興味深かったのは、ツアーが終わってオフになった時に、ロングドライブをして昔から憧れてた宇和島城備中松山城などを見に行った話。
ずっと行きたかったお城や史跡に行けたのに、楽しくなかった、と。
景色や観光はそれなりにキレイだとかいいなとか思うのだけれど、「楽しくない」と思ってしまう、ってのは自分が(以前の経験により)「きっとこれくらい楽しいだろう」と想像していたトキメキのハードルに、現実の感情が追い付かなかった、ってことだと思うんですけど、そういう感覚(ミヤジはこれを「大人だから」という言葉に集約していた)は、すごく共感しました。
高い期待値(好奇心とか興味とか萌えとか熱狂とかの一連の感情の)があるはずのものに実際接したのに、どうも心の深奥から予想していたそれが湧き上がって来ない感覚。
たぶんそれは夢見がちな人ほど多いのだと思う。そしてそれが「老い」を感じる第一歩だったりもする。


こういった感覚の極にあるのが「なからん」という歌で……ある意味衝撃的でした。
「我が心もはや 楽しきことなからん」
なんてこと、普通は怖くて書けない。
こんなすごいこと、よく書いたな、って聞くたびにびっくりしちゃう。
こういう感覚を拾い上げるミヤジの才能ってのはスゴイ。
でも、歳をとるというのはそういうところに向き合うところから始まるんだと、最近私も気づいてきた。
人間50歳にもなると、ある意味、一度ものすごく現実を見据えて(ミヤジの言葉を借りれば”落ちて”)からじゃないと、きちんと夢を見ることさえできなくなるのかもしれない。


オフィシャルの会報でもこの(ドライブ旅行の)話はしてて、「いいお休みが取れて念願のお城巡りに行けた」という楽し気なエピソードだと感じていたのですが、実はそう単純じゃなかったということがわかった、というのがこのインタビューの収穫でしたね。
小さなことだけれど、こういうちょっとした感覚を語ってくれると、見えてくるものが全然違う、と思いました。


そして、その少し寂しい不全感を抱えて帰ってきたミヤジの元に、明治さんからのCMタイアップ曲の依頼が来た、というのが実にグッドタイミングで。
創作をすることで(しかも依頼された仕事としての)、ミヤジが再びトキメキを取り戻していった様子がよくわかりました。
創作をする人間も、時には誰かに請われて(信頼され、期待されて)仕事を託されるということがどれだけ励みになるか、って話ですよ。
すごく嬉しかったのだろうな、と感じます。


明治さんといえば!ミヤジは「明治の板チョコが好きでよく食べるんですよ」って言ってたよ!!
ほら〜やっぱりねぇ。

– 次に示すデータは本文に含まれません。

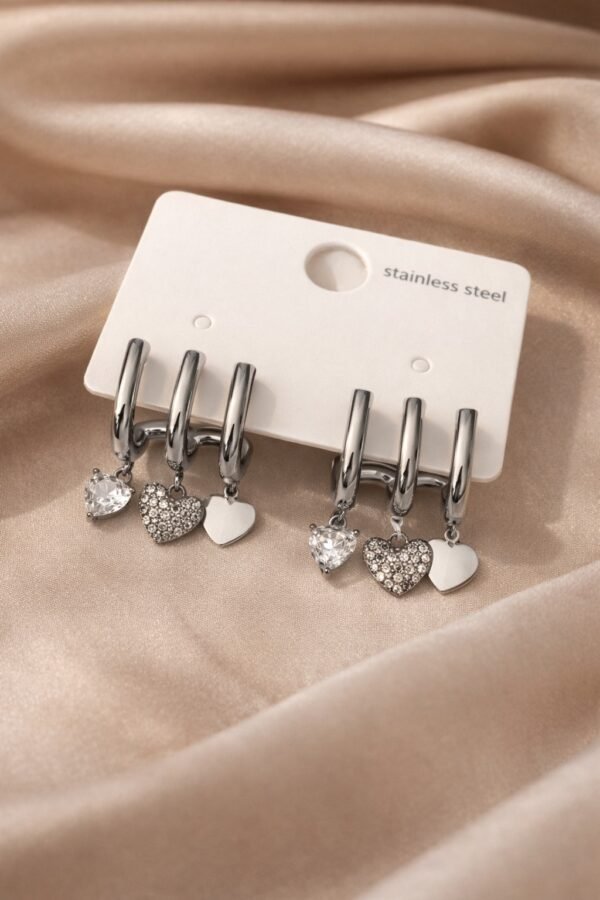 Σκουλαρίκι τριπλό ασημί.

「板チョコ」ってのがイイよね。らしいw


【今日の言葉】


歌手だから、自分で曲を作って自分自身を取り戻すしかないもんねぇ。

(ミヤジの言葉。ロッキンオンジャパン7月号インタビューより。)


この一言はストンと腑に落ちるように私の心に響きました。
「やっぱそうか」と。
自分が自信を取り戻す方法なんか私だってとっくの昔から知ってる。
でも、どうしてもそこから逃げてしまって(それは自信がないから…なんですが。卵が先か鶏が先かみたいなね)私はいつになっても腹がくくれない。
でももうこんな年になって、今さら何を守ろうとしているのか?と、自分のちっさいプライドに辟易しているのです本当は。
私も自分を取り戻したい!と、この言葉で強烈に感じました。


ミヤジは自分の職業を言う時、いつも「歌手」っていう。(ミュージシャンとかアーティストとかではなく)
「歌を作って、歌う」ということが彼の基本だというのは、いろんな言動を聞いていてもすごく伝わってくる。シンプルで、潔くて、カッコいいなぁといつも思う。
それと同時に「稼ぐ」ということもよく言うので、浅はかな人は、「要するにカネか」と思うかもしれないけれど、ミヤジにとっての「稼ぐ」は、職業としての行為の評価、ということであり、その部分が逆転することはないと信じられる。そう信じられるほどの真摯なストイックさで「歌手」である彼を私たちはいつも目の当たりにしているから。